Promise and Promiscuity: A New Musical by Jane Austen and Penny Ashton (Assembly George Square, 6-13 Aug : 14:40 : 1hr 10 mins)

“An energetic, professional and immensely likeable production”

Editorial Rating: 5 Stars

I knew about two minutes after this show started that it would be my first five star review this year. Firstly, the number of characters portrayed by solo performer Penny Ashton was incredibly impressive, I counted at least eight. From heroine Elspeth to her silly sister Cordelia, her pedantic mother and even her repulsive cousin Horatio, this is a tour de force in character acting from New Zealand’s answer to Sheridan Smith.

Each character was ripe with detailed facial expressions, physicality and accents, and Ashton even managed to have an incredibly convincing conversation with herself while performing both sides of a regency dance – not many actors out there can pull that off.

However, Promise & Promiscuity isn’t just incredibly acted, perhaps its real strength is the writing.
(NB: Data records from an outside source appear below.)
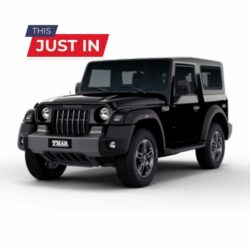 Book self-drive Mahindra Thar 4WD Hard Top on Rent in Delhi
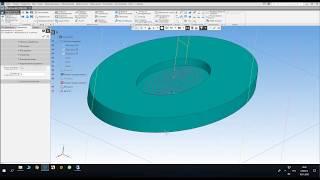 Компас 3d v18 + Mach3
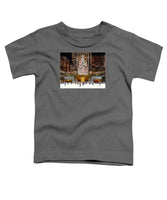 Rockefeller Center - New York City - Toddler T-Shirt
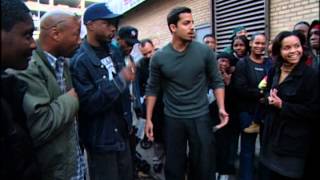 Ring Appears in Bottle Street Magic  David Blaine [upl. by Byron]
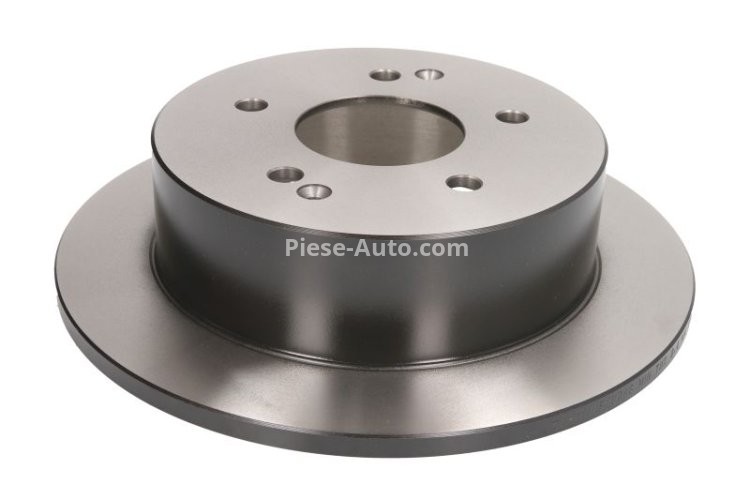Disc frână TRW ,spate, pentru: SSANGYONG ACTYON II, ACTYON SPORTS I, ACTYON SPORTS II, KORANDO 2.0-2.2D 11.10-
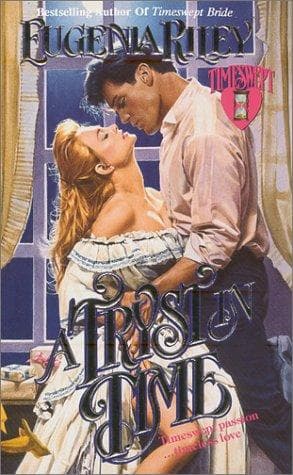 Cover image for A Tryst in Time (Timeswept)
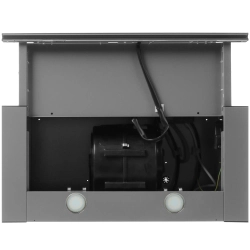 Встраиваемая вытяжка Beko HNT61630X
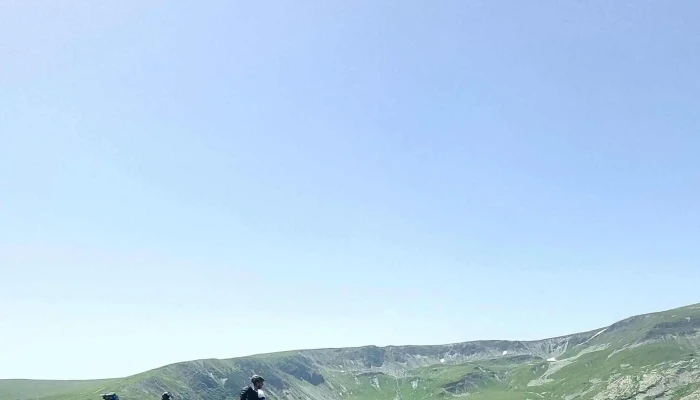Heliski Romania -  Scor - Muntele Mic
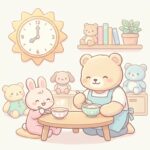 子どもとの朝活ルーティン | 忙しい朝を乗り切る術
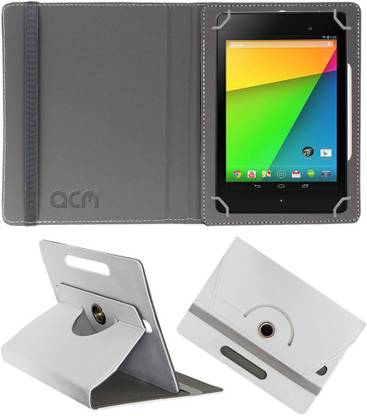 ACM Flip Cover for Asus Google Nexus 7c 2013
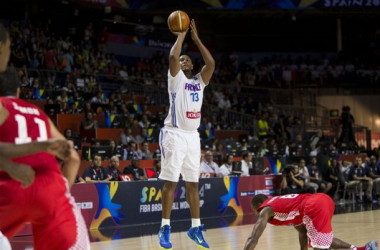 FIBA World Cup: France Climbs Back To Beat Croatia 69-64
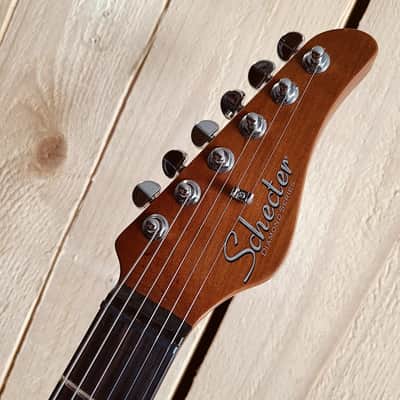Schecter Nick Johnston Traditional - Atomic Frost image 13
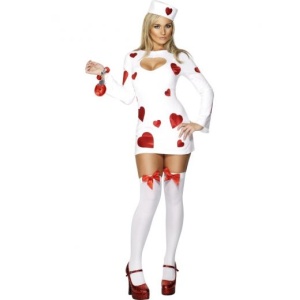 Prisoner Of Love Costume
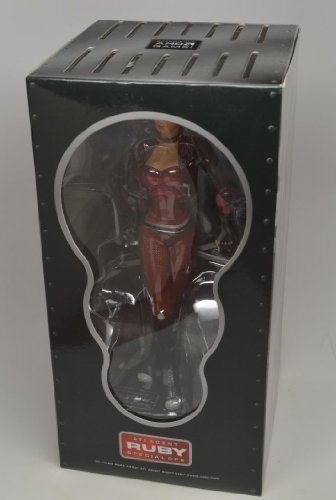 Preisvergleich Produktbild ATI Agent Ruby Special Ops Figurine. by AMD
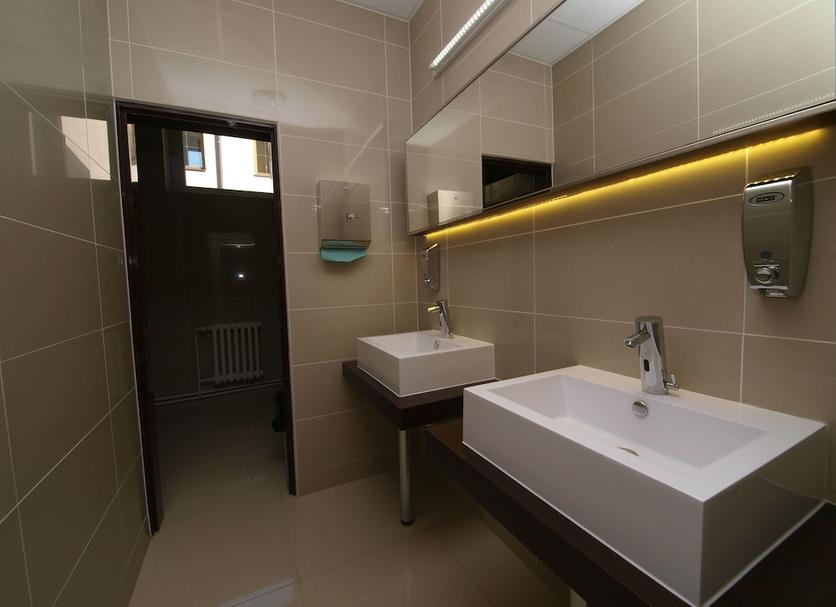 Salle de bain Photo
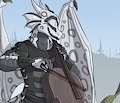*M*_A dragon and his cello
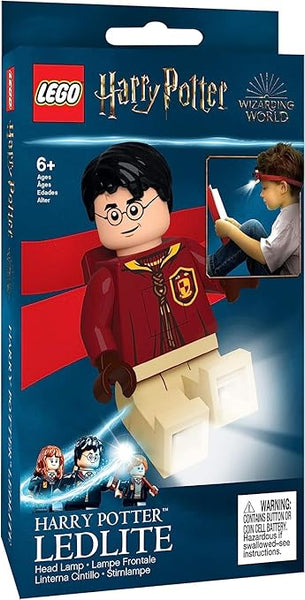 Lego LEDLITE da Lettura Harry Potter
The plot combines narratives, characters and even dialogue from some of Austen’s best known works to form a moving new story that speaks directly to a 21st century audience. Hapless Elspeth is forced to hide her talent for writing to please her mother’s wishes of finding a husband, whom she believes prefer their women not to outsmart them. And of course Elspeth must marry well to secure the family’s home and future, yuddah yuddah…

But this isn’t just another one of those tales of girl meets boy who’s out of her league and ends up marrying him despite his family’s objection; this is an intelligent, well researched and hugely comical reworking of the classics that’s bang up to date. Scattered throughout are many well-placed references to modern culture – from well-known etiquette teacher Kimberline Kardashian to the ongoing battle for gay rights. It also includes some wonderful period put-downs: “You peevish, dismodious puck-worm” in particular had me giggling well into the next scene.

Lest we forget, this show is also a musical, which includes such delights as Bon Jovi lyrics sung to Mozart – a surprisingly pleasant mix. While there weren’t as many songs as might have been expected, lyrics were always perfectly matched to well-known classical pieces, and always in keeping with the mood of the relevant scene.

Overall, it’s Ashton’s personality that shines through to make this production really magnificent. From the way she ushered in some latecomers as if it was all part of the act, to the way she recovered after taking too large a mouthful of “tea” on stage, right down to how each character had their own bow at the end. It’s an energetic, professional and immensely likeable production that had me smiling throughout.